DATASET EXTRACT =
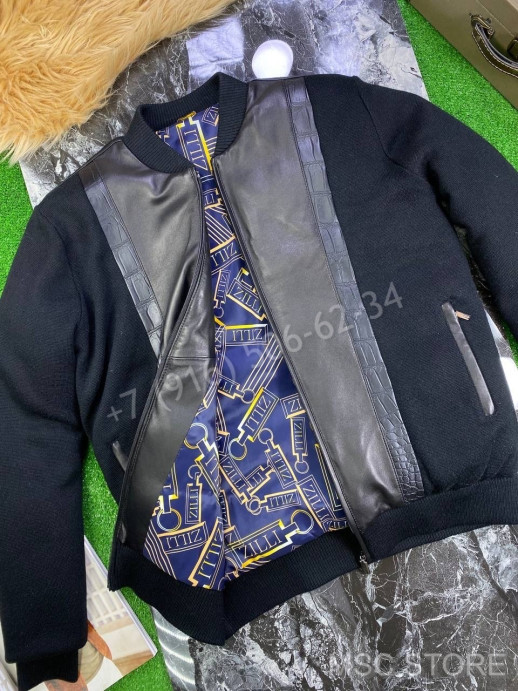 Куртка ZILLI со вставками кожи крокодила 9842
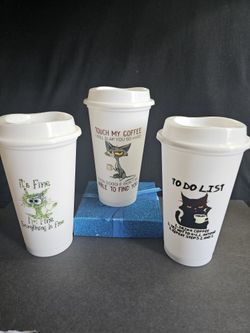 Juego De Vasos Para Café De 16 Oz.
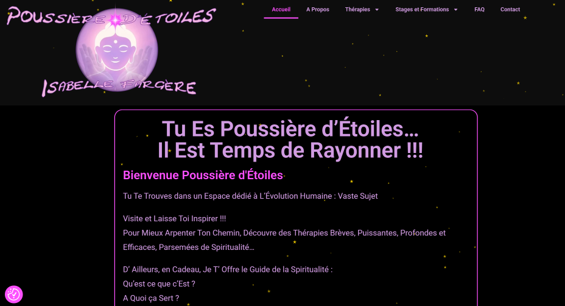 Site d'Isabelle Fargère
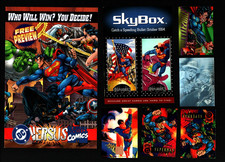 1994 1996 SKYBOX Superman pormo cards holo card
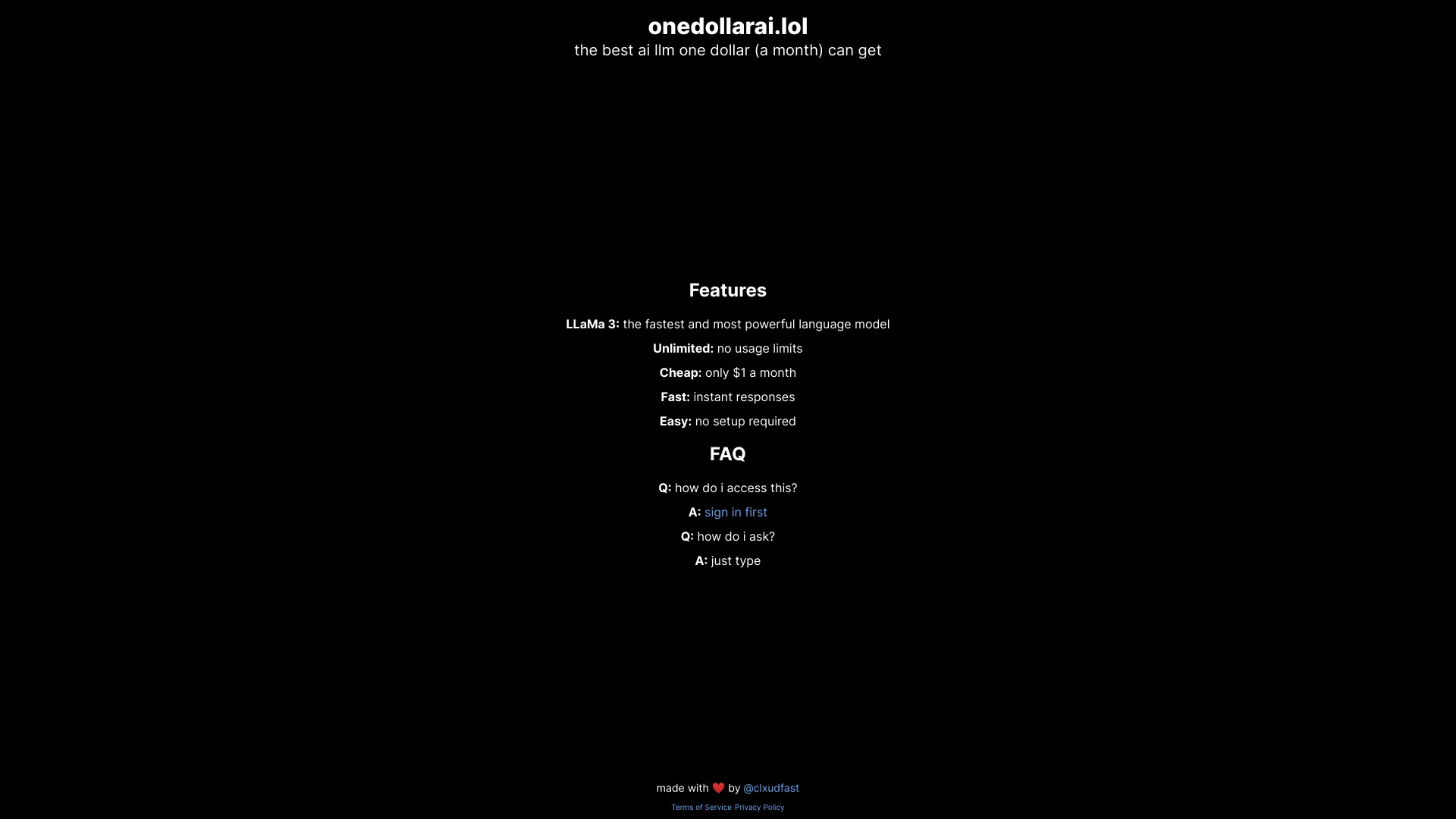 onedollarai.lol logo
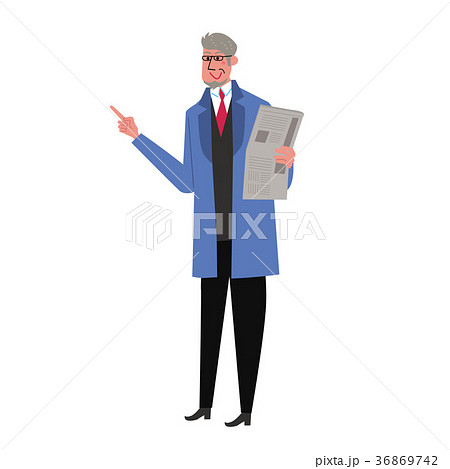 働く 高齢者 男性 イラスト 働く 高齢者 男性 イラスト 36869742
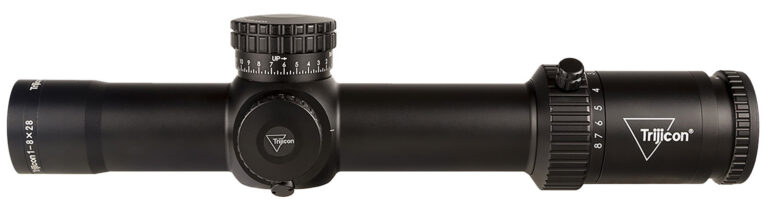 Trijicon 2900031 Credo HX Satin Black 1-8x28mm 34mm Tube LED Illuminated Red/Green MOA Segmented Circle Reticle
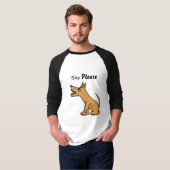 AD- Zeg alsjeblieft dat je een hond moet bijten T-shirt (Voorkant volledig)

INSTRUCTIONS TO FOLLOW =
Exactly as they appear, repeat the lines from the one containing "Juego De Vasos Para Café De 16 Oz." through the last line of the entries, counting both ends. Pictures stay out.

EXPECTED OUTPUT =
 Juego De Vasos Para Café De 16 Oz.
 Site d'Isabelle Fargère
 1994 1996 SKYBOX Superman pormo cards holo card
 onedollarai.lol logo
 働く 高齢者 男性 イラスト 働く 高齢者 男性 イラスト 36869742
 Trijicon 2900031 Credo HX Satin Black 1-8x28mm 34mm Tube LED Illuminated Red/Green MOA Segmented Circle Reticle
 AD- Zeg alsjeblieft dat je een hond moet bijten T-shirt (Voorkant volledig)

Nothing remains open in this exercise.